This may or may not help but my DD was EXACTLY like that when shes turned 6 everything was this huge battle and she melted down over the smallest things even things that seemed to go her way. Mommy can I watch this movie friday its at 8pm? Me well Friday not a school night so I don't see why not.. DD BUT MOMMY I could do it on a school night I'd GEt UP ITS NOT FAIR!!







:







She became super picky on food how her clothes fit suddenly hated her own voice even







We kinda just delt sometimes really having to say too bad when she got totally over board... then she jsut stopped I think her body kinda greew into what ever was battling with her inside the whinning stopped the extreme pickiness stopped the mekting down because every tiny detain didn't go ehr way stopped. We did nothing diffrently it just happened less and less. I mean she is still 6 and still has 6 year old moments but its diffrent its what you expect.

Deanna


----------



## Storm Bride (Mar 2, 2005)

Quote:


Originally Posted by *octobermom* 
This may or may not help but my DD was EXACTLY like that when shes turned 6 everything was this huge battle and she melted down over the smallest things even things that seemed to go her way.

We just had this.
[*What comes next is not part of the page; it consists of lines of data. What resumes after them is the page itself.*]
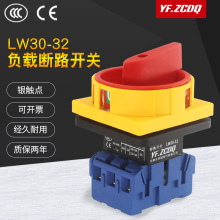 ׿��LW30-32���ض�·��������ת��GLD11��Դ�ж����ظ���ͨ��32A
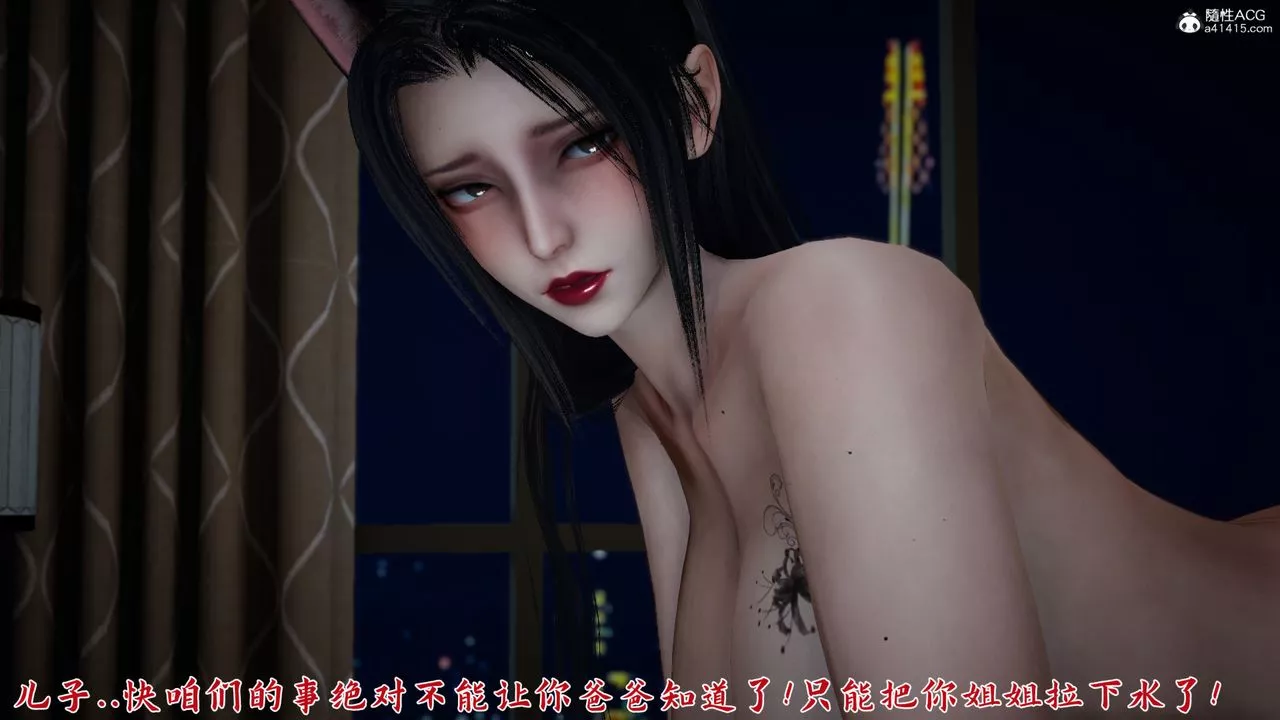 [3D]新宠物捕捉大师-第24话 - 图片 88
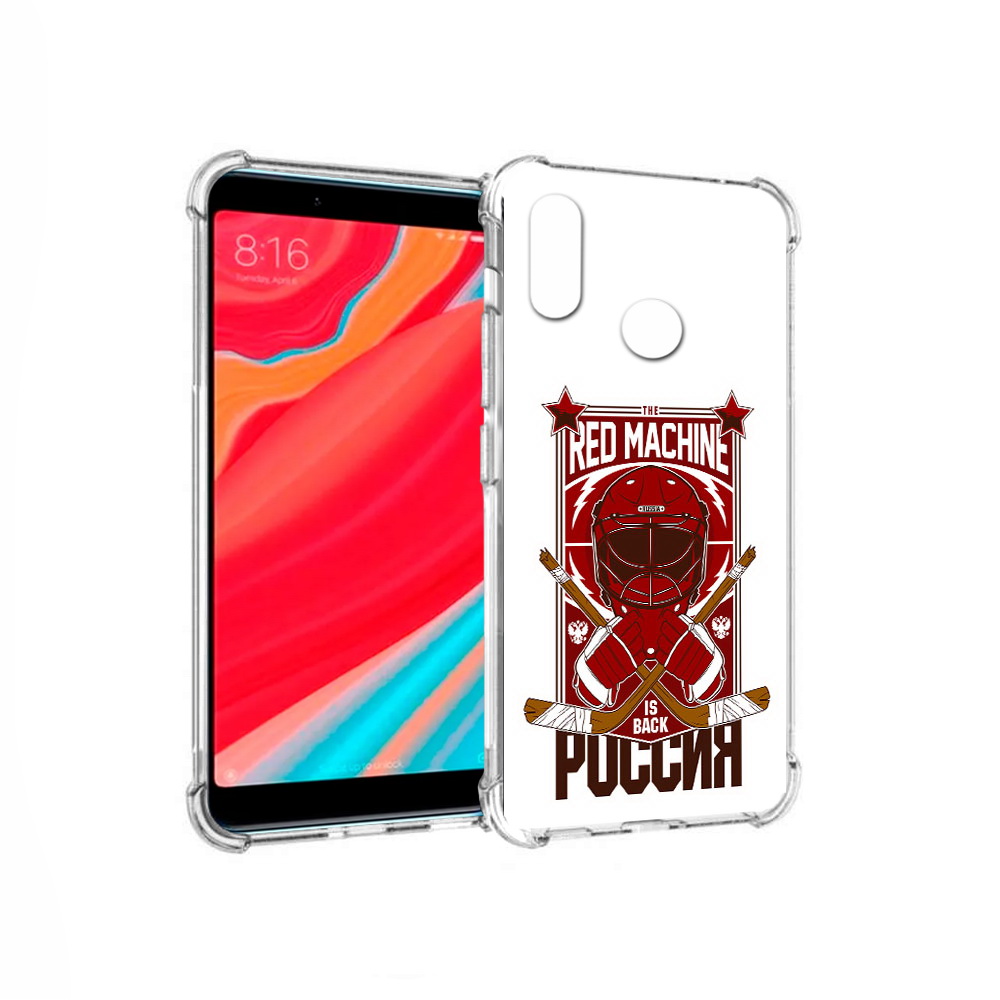 Чехол MyPads Tocco для Xiaomi Redmi S2 хоккей россия (PT111025.312.666), Прозрачный, Tocco
Чехол MyPads Tocco для Xiaomi Redmi S2 хоккей россия (PT111025.312.666), Прозрачный, Tocco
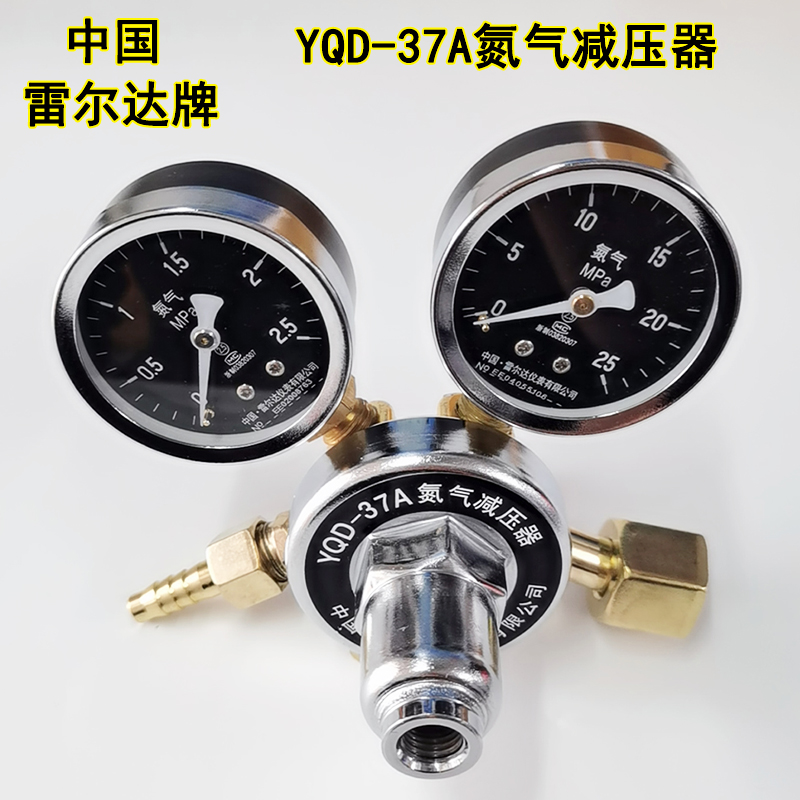 雷尔达YQD-37A氮气减压阀减压器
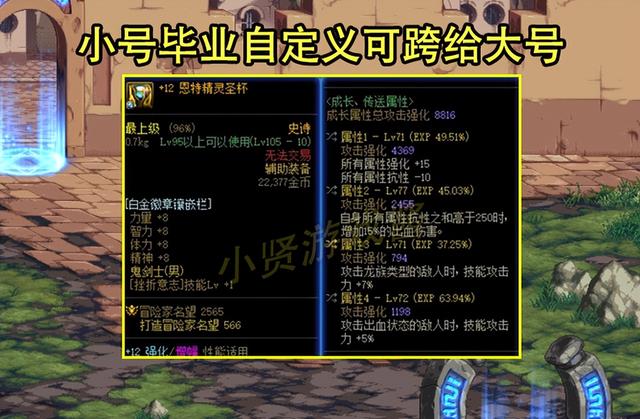 dnf神器跨界石，dnf无法跨界的装备能用跨界石吗（10.16闪耀跨界石到手了）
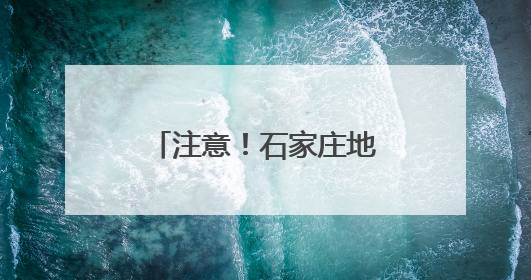 注意！石家庄地铁运营时间有变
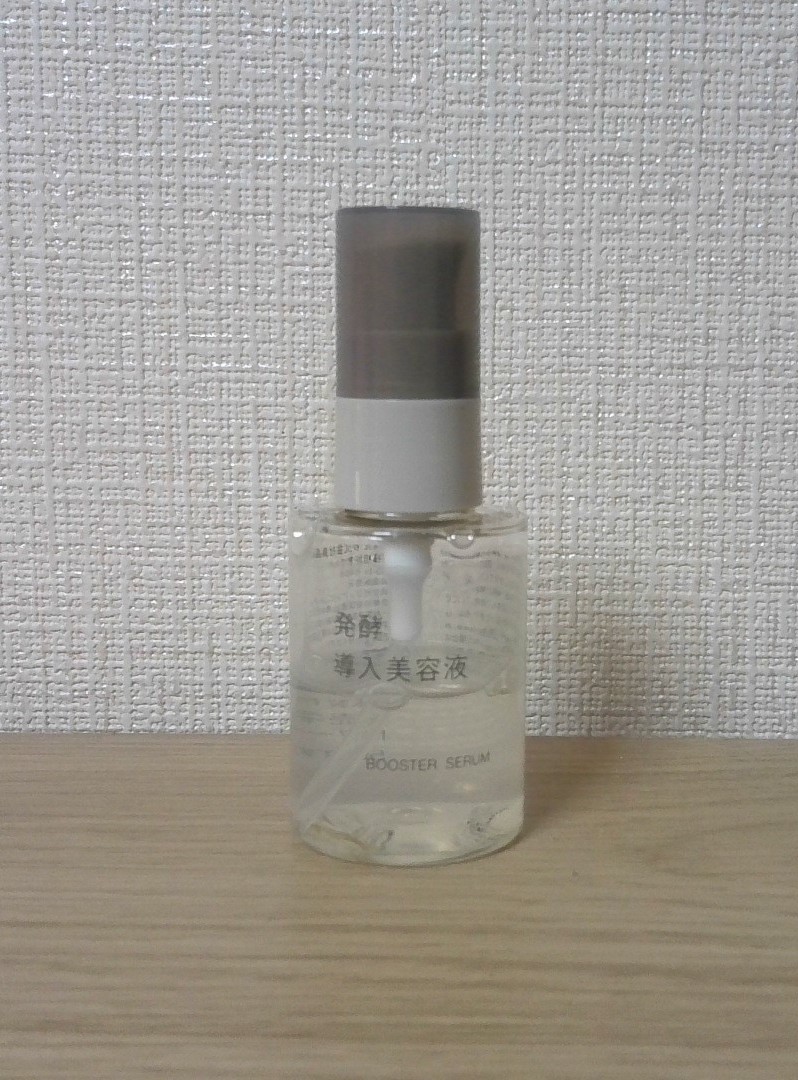 発酵導入美容液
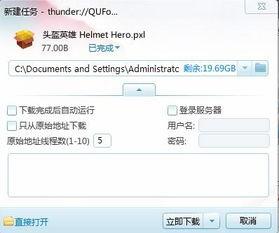 91小鲜肉迅雷,揭秘新一代网络红人的崛起之路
DH took the kids to the aquarium this morning (new baby beluga whale). DD was totally excited about it, and really wanted to go. He got them up a little early, because we're members and this was "Super Saturday" when members can get in before the aquarium opens. DD was fine with that, and had a good time. I went and picked them up. DD was being crazy about not being able to go to the playground by the bus station, and asked me if she could go (dh had already said no - nowhere to park the van, for one thing). So, she flipped out. I said something to dh about her taking a nap and she flipped again. Then, she started screaming about how if we "didn't have a stupid aquarium in Vancouver", she could have played with her friends. Ugh.

Quote:

Mommy can I watch this movie friday its at 8pm? Me well Friday not a school night so I don't see why not.. DD BUT MOMMY I could do it on a school night I'd GEt UP ITS NOT FAIR!!







:







She became super picky on food how her clothes fit suddenly hated her own voice even







We kinda just delt sometimes really having to say too bad when she got totally over board... then she jsut stopped I think her body kinda greew into what ever was battling with her inside the whinning stopped the extreme pickiness stopped the mekting down because every tiny detain didn't go ehr way stopped. We did nothing diffrently it just happened less and less. I mean she is still 6 and still has 6 year old moments but its diffrent its what you expect.

Deanna
I'll keep that in mind. She's definitely...off. I've found myself thinking, daily, for about a month (more or less the same time period) that she seems to be coming down with something. We did all have a stomach bug a few weeks ago, but it was very brief, and she's been well over it for at least two weeks.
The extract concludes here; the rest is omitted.